Re: [gtk-list] Pango question




Mikael Hermansson <mikeh@bahnhof.se> writes:

> Hello I have a question about pango.

Questions about Pango definitely belong on gtk-i18n-list.
 
> I tried to write a very simple application to see
> how Pango works but found that it will not show text
> if there is characters that is over the
> range ASCII > 128 using:

ASCII is restricted to seven bit characters. 
 
> pango_layout_set_text(..)
> 
> and when drawing using:
> 
> pango_x_layout_render(...)
> 
> I know that Pango is using some kind of scripts
> but does this means Pango needs a script for every country?
> 
> Or does it mean i need to convert every ASCII character to
> UTF-8 before calling any *_set_text routine?

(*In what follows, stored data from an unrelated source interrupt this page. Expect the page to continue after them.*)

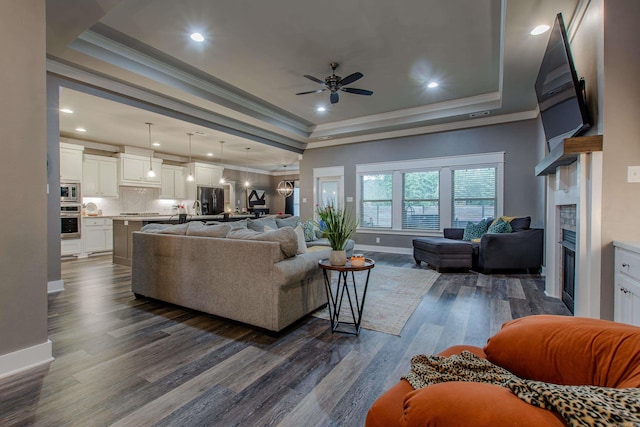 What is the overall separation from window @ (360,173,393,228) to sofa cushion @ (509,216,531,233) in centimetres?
262

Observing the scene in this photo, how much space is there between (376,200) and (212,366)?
19.1 ft

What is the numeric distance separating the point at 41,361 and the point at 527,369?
2.98m

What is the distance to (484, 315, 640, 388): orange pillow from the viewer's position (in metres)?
0.81

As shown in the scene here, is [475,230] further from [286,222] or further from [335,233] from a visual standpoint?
[335,233]

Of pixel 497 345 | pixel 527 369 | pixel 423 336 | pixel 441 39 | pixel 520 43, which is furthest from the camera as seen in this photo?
pixel 441 39

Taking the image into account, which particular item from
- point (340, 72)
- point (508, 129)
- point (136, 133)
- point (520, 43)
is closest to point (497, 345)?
point (520, 43)

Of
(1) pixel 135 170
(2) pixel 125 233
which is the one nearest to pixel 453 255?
(2) pixel 125 233

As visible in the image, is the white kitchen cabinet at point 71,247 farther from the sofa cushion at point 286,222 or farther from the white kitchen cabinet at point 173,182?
the sofa cushion at point 286,222

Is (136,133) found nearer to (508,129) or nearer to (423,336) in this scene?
(423,336)

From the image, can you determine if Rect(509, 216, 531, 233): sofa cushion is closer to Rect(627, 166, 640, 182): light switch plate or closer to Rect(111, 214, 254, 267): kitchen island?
Rect(627, 166, 640, 182): light switch plate

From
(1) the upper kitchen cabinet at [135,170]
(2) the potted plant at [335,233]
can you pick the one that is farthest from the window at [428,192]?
(1) the upper kitchen cabinet at [135,170]

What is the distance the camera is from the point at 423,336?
2.54 meters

ASCII doesn't require conversion.

> Even if the country is using old 8 bit characters sets?

Yes. The point of Pango is that you do ONE thing so that your
program works in every country. Traditionally: 

 A US programmer has written a program that works only for ASCII
 A European programmer has fixed up the program to work with iso8859-1
 A Japanese programmer has a patch to make it work with EUC-JP

And the people in Egypt and India still don't have anything that
works. With Pango, just like with Java, programmers are told that
"everything is UTF-8", and if the programmer handles that, then their
code will work for every script.

> Maybe this is a dumb question. But I have tried to read
> the API/documentation but I'm still a bit confused...

Well, yes, there is a lack of "programmer documentation" - what is
there now is raw API documentation and design docs. And things are
still changing rapidly. I'm now working on converting GTK+ over to
Pango, and making quite a few changes to Pango that I find are
necessary when actually using it for real things.